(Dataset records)
Start of Block

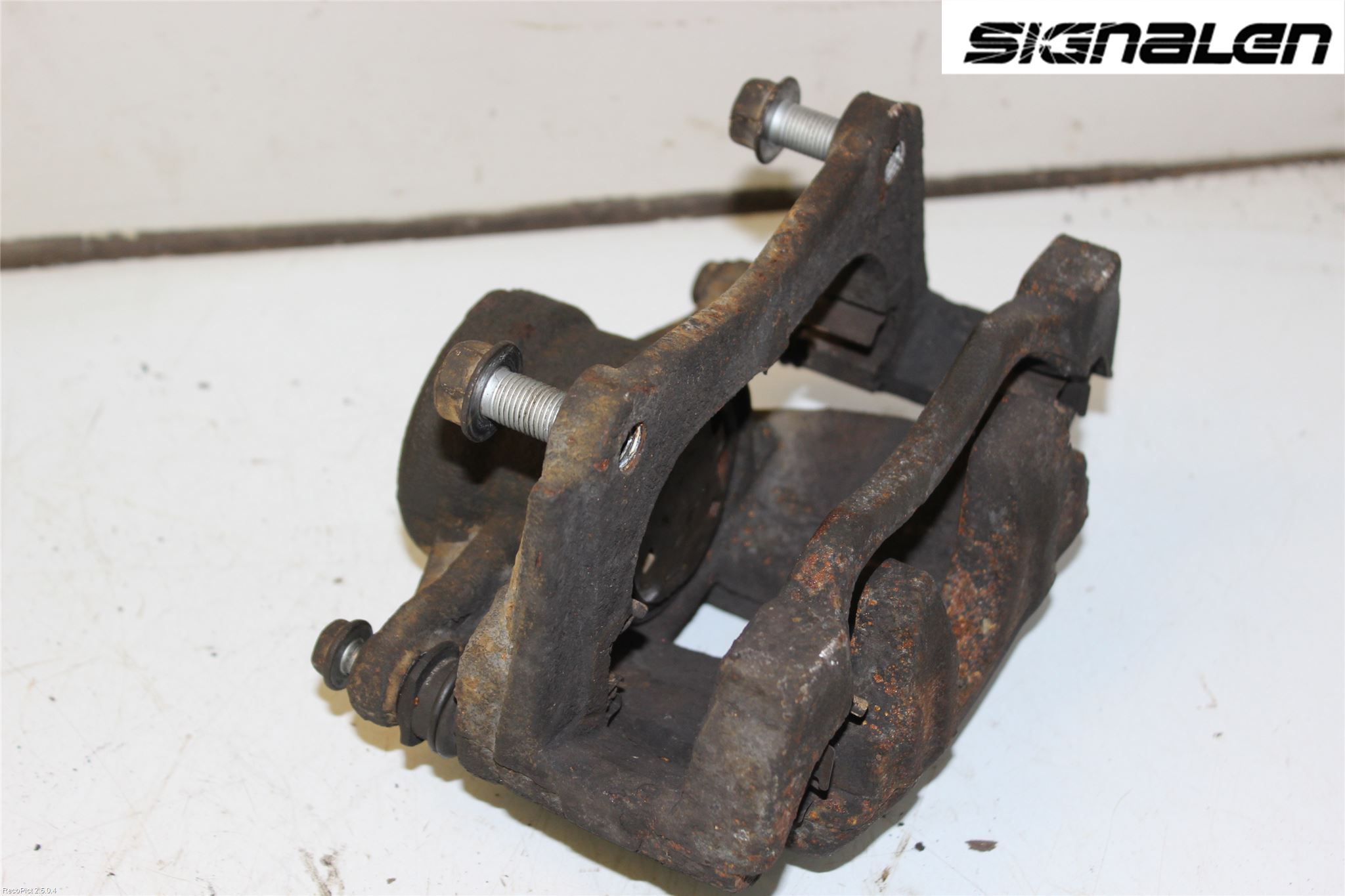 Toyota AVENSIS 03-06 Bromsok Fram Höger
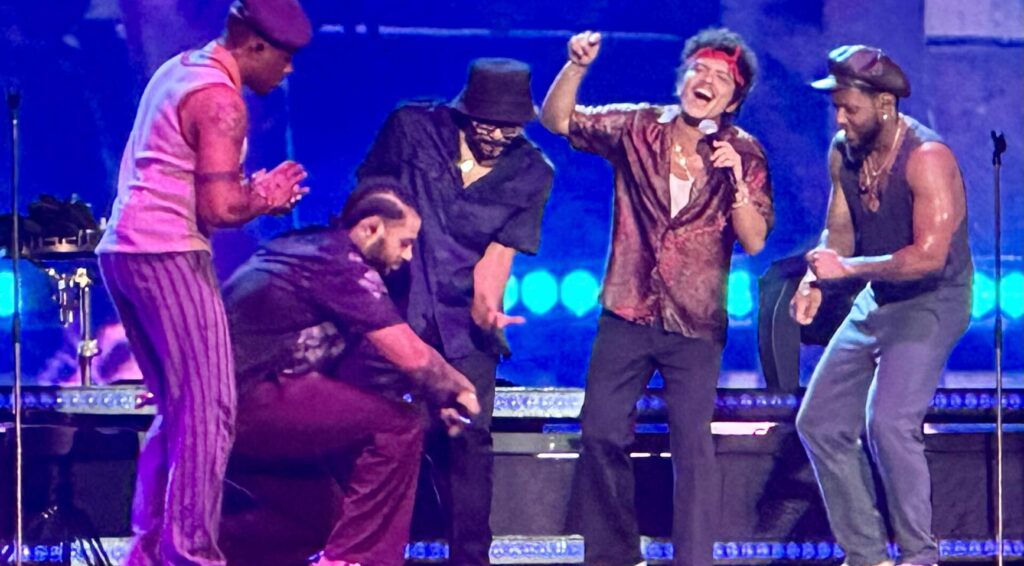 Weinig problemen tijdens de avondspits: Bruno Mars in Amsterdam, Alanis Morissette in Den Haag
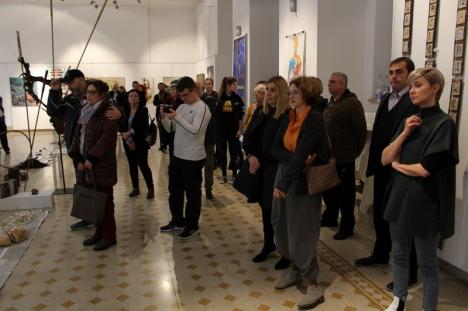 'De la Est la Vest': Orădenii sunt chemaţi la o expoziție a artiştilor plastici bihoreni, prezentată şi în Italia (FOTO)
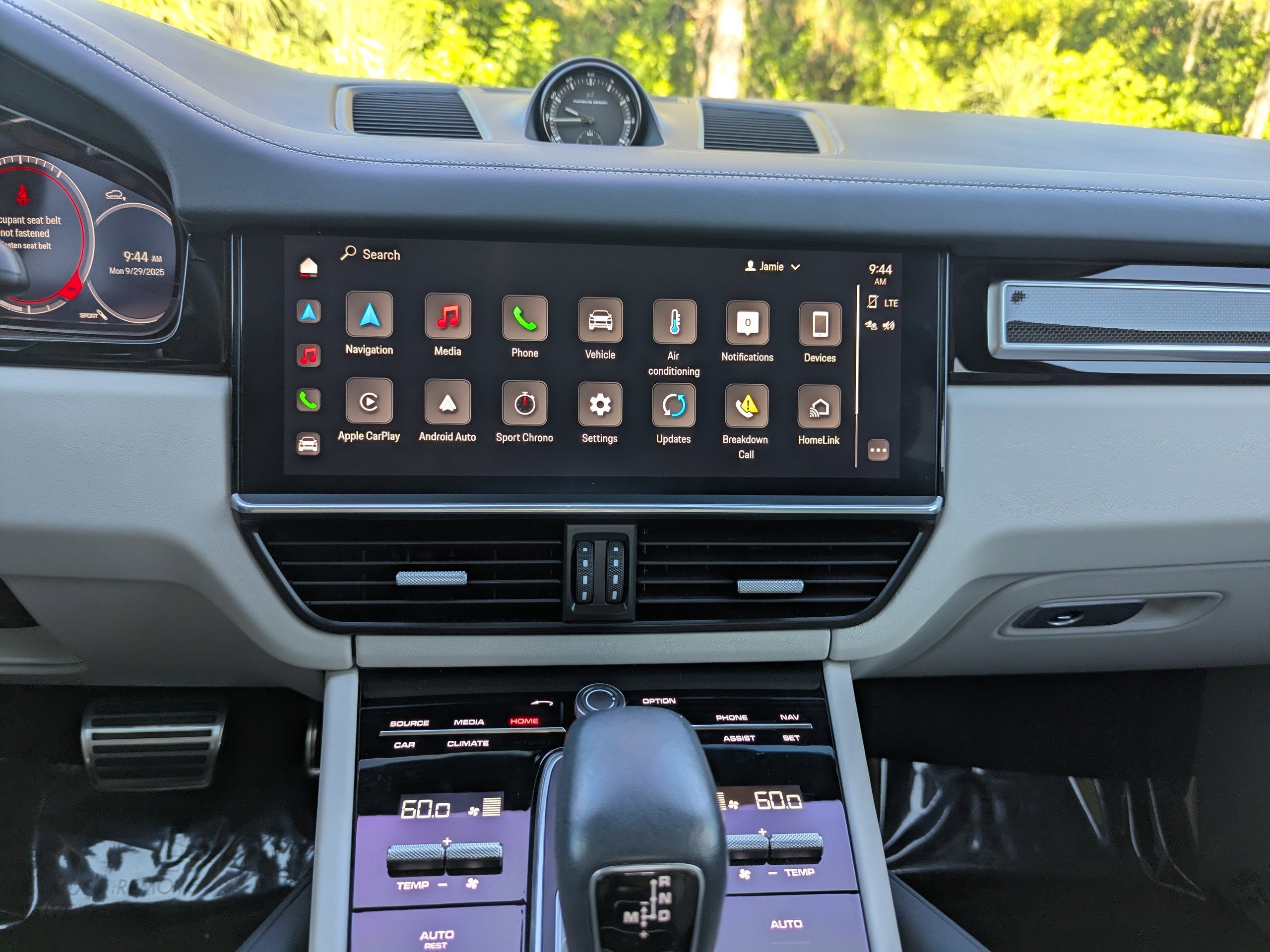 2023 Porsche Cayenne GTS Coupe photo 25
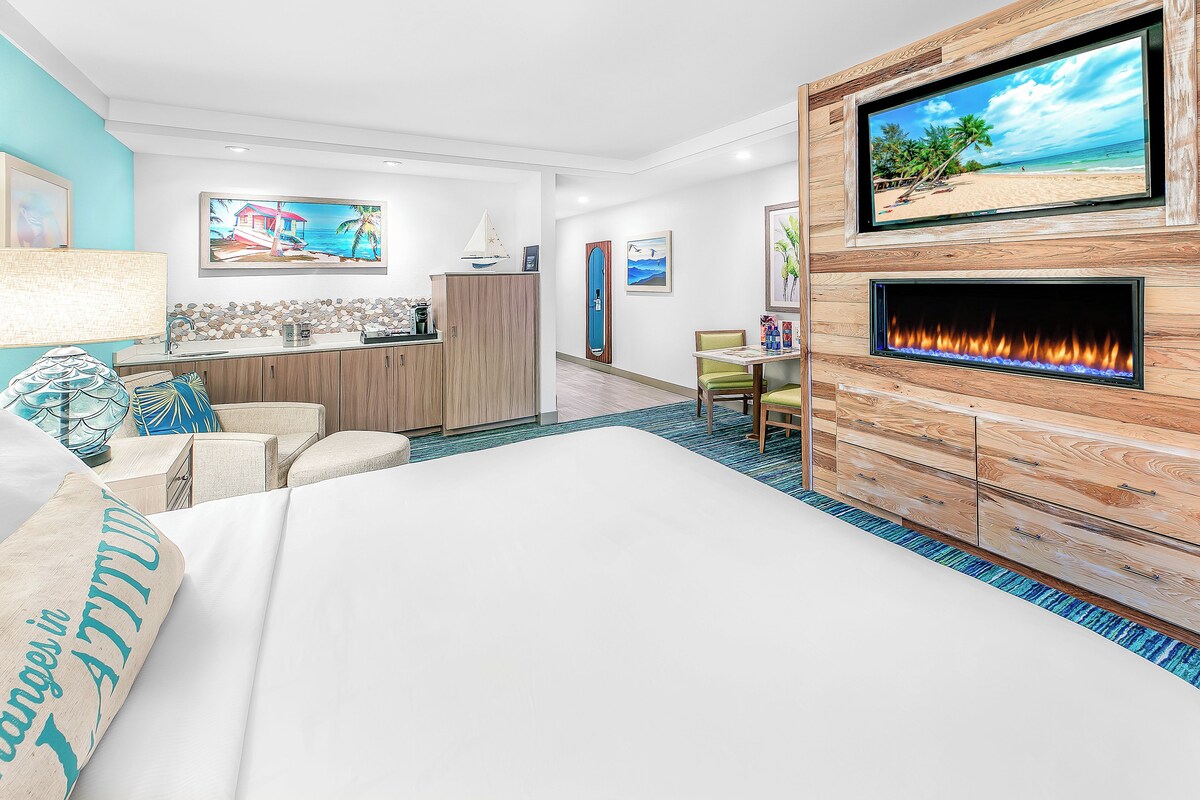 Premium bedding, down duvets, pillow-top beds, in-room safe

End of Block

- [Exercise instructions]
Retype all the records exactly and keep out every picture.

- [Solved problem]
 Toyota AVENSIS 03-06 Bromsok Fram Höger
 Weinig problemen tijdens de avondspits: Bruno Mars in Amsterdam, Alanis Morissette in Den Haag
 'De la Est la Vest': Orădenii sunt chemaţi la o expoziție a artiştilor plastici bihoreni, prezentată şi în Italia (FOTO)
 2023 Porsche Cayenne GTS Coupe photo 25
 Premium bedding, down duvets, pillow-top beds, in-room safe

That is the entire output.